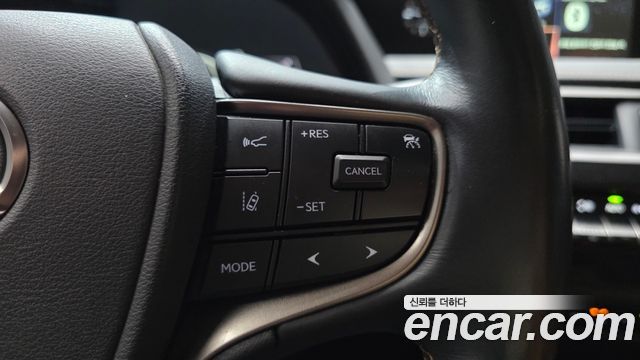 Lexus UX 2021 — photo 24
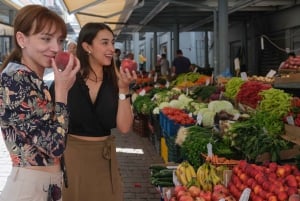 Ateena: Klassinen katuruokakierros 6 maistiaisineen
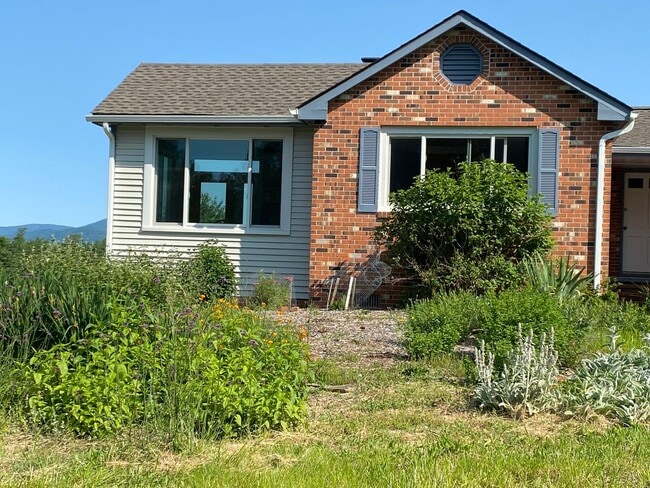 5802 Roach Ridge in Earlysville, VA - Building Photo - Building Photo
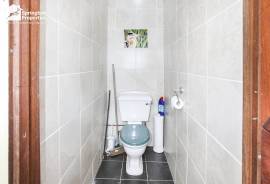 7 bedroom, Semi-detached house for sale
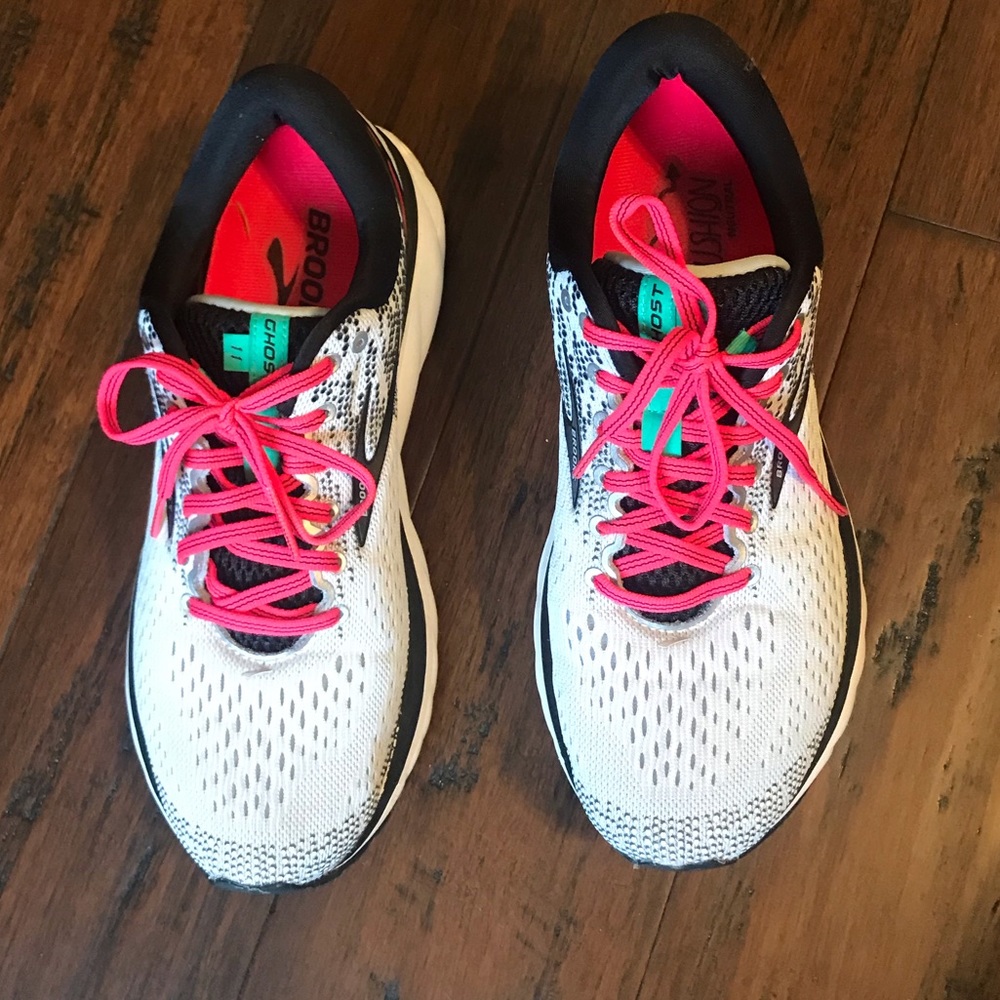 Brooks Running Shoes 9.5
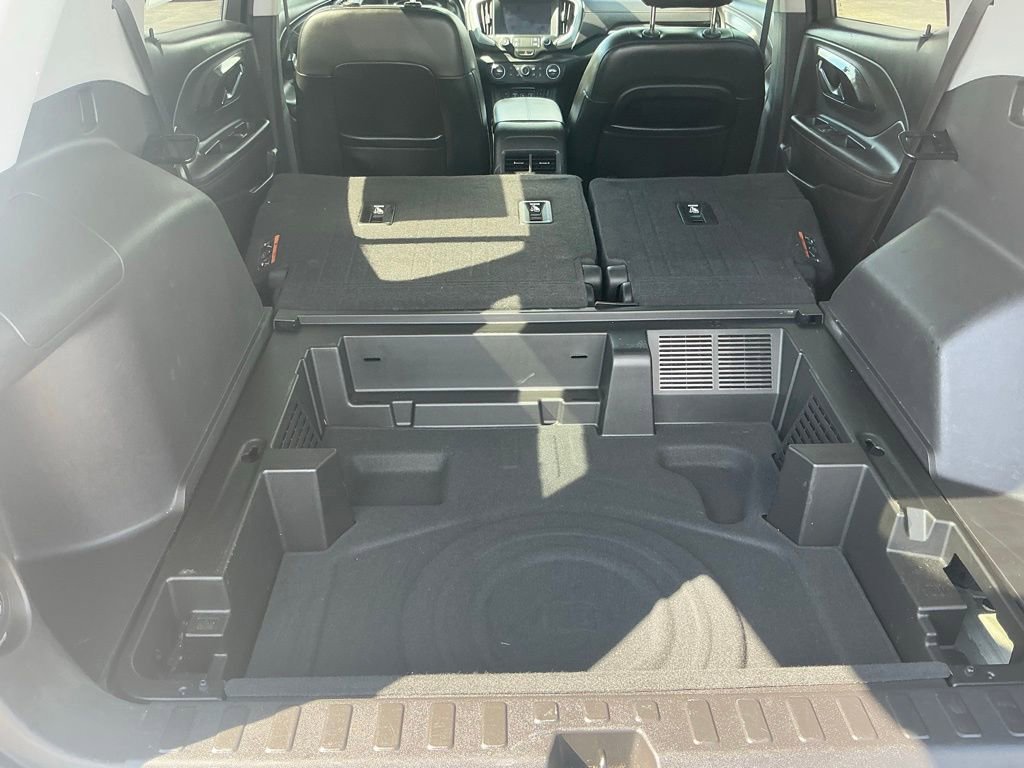 Used 2019 SATIN STEEL METALLIC GMC SLT image 25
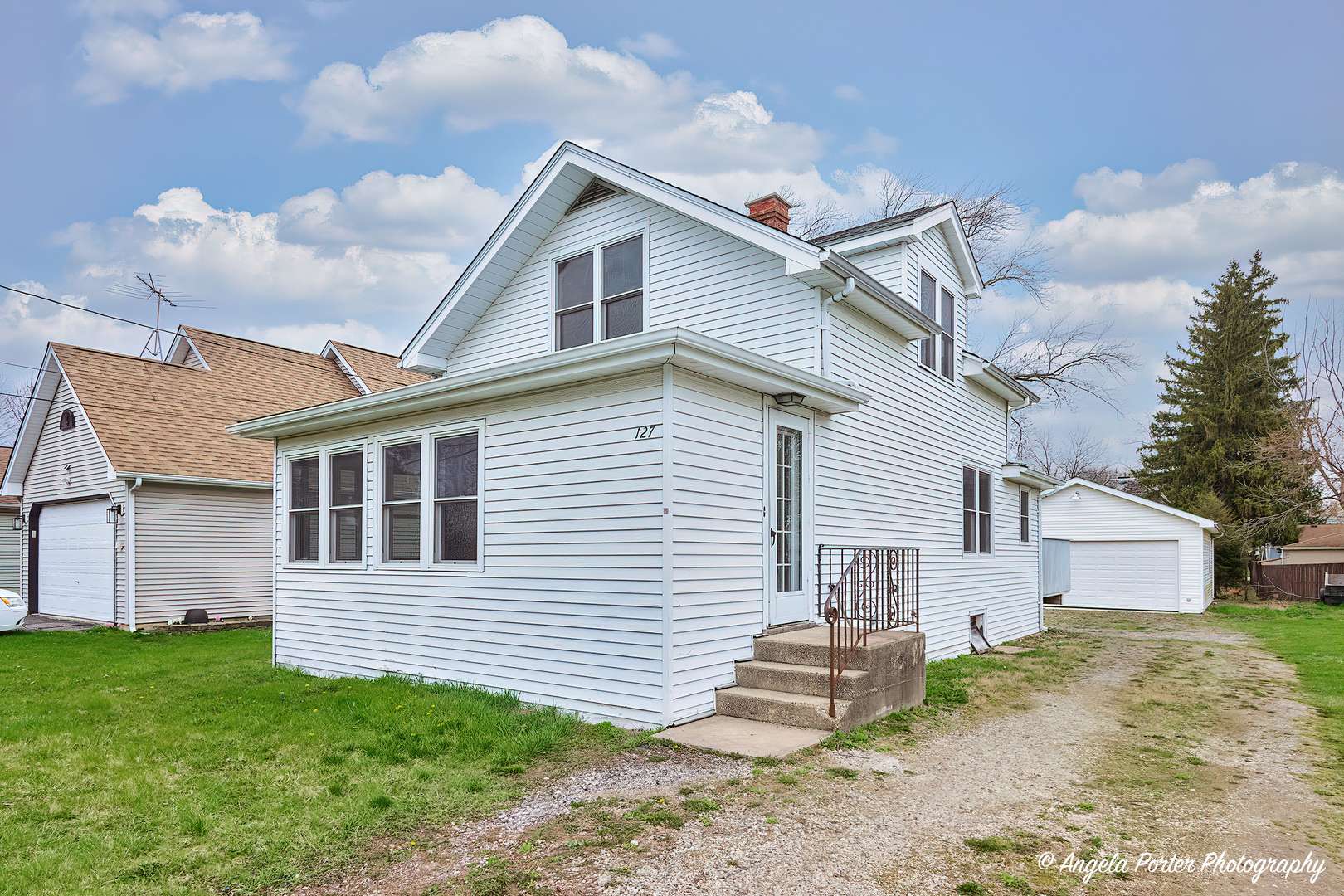 Wauconda, IL 60084,127 Kent AVE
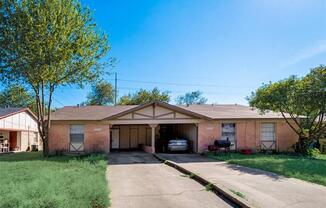 1810 FRANCES DR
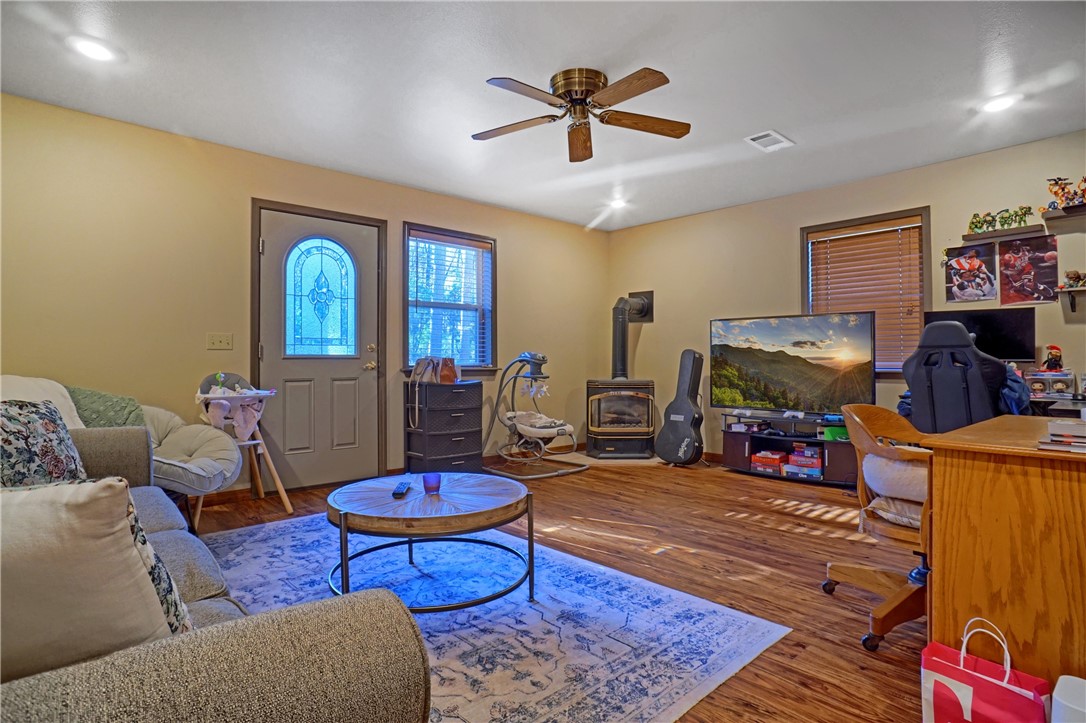 Hickory Hills - Residential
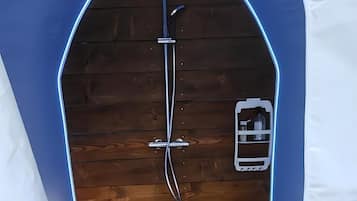 Douche, articles de toilette gratuits, peignoirs, serviettes fournies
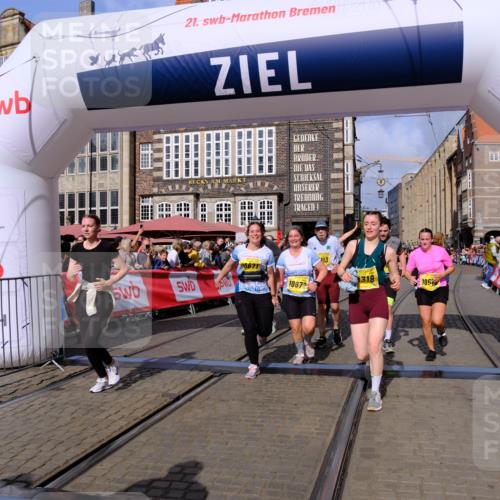 13.09.2026 - 21. swb-Marathon Bremen Tim E. http://msf.ph/oto/10331232 13.09.2026 11:04:23 Ziel 10291, 10390, 10403, 10516, 10607, 10659, 10671, 10672, 10720, 10726, 10912, 10913, 11149, 11221, 11318, 11319, 11470, 11471, 11511, 11539, 11618, 11726, 11909, 12001, 12103, 12113, 12140, 12260, 12276, 12392, 12433 meine-sportfotos.de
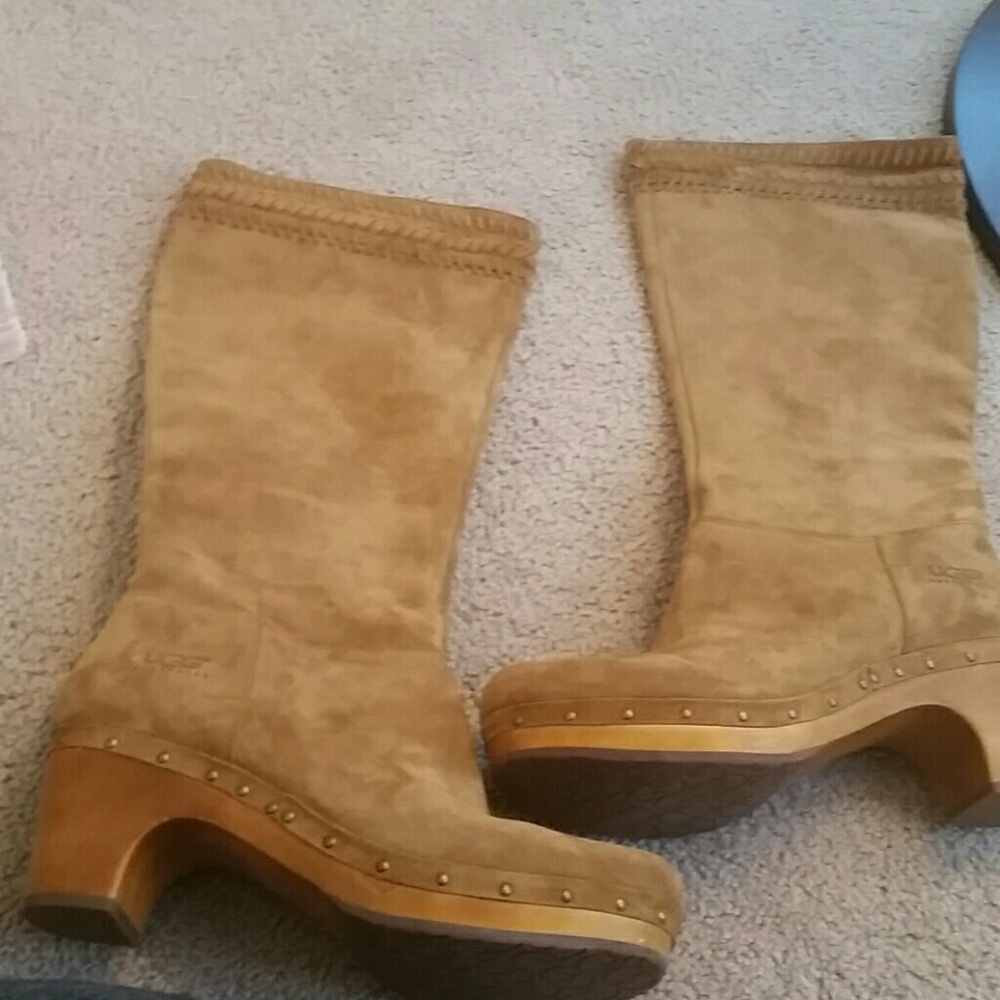 Ugg size 11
::::
Repeat every line above exactly, minus the pictures.

 Lexus UX 2021 — photo 24
 Ateena: Klassinen katuruokakierros 6 maistiaisineen
 5802 Roach Ridge in Earlysville, VA - Building Photo - Building Photo
 7 bedroom, Semi-detached house for sale
 Brooks Running Shoes 9.5
 Used 2019 SATIN STEEL METALLIC GMC SLT image 25
 Wauconda, IL 60084,127 Kent AVE
 1810 FRANCES DR
 Hickory Hills - Residential
 Douche, articles de toilette gratuits, peignoirs, serviettes fournies
 13.09.2026 - 21. swb-Marathon Bremen Tim E. http://msf.ph/oto/10331232 13.09.2026 11:04:23 Ziel 10291, 10390, 10403, 10516, 10607, 10659, 10671, 10672, 10720, 10726, 10912, 10913, 11149, 11221, 11318, 11319, 11470, 11471, 11511, 11539, 11618, 11726, 11909, 12001, 12103, 12113, 12140, 12260, 12276, 12392, 12433 meine-sportfotos.de
 Ugg size 11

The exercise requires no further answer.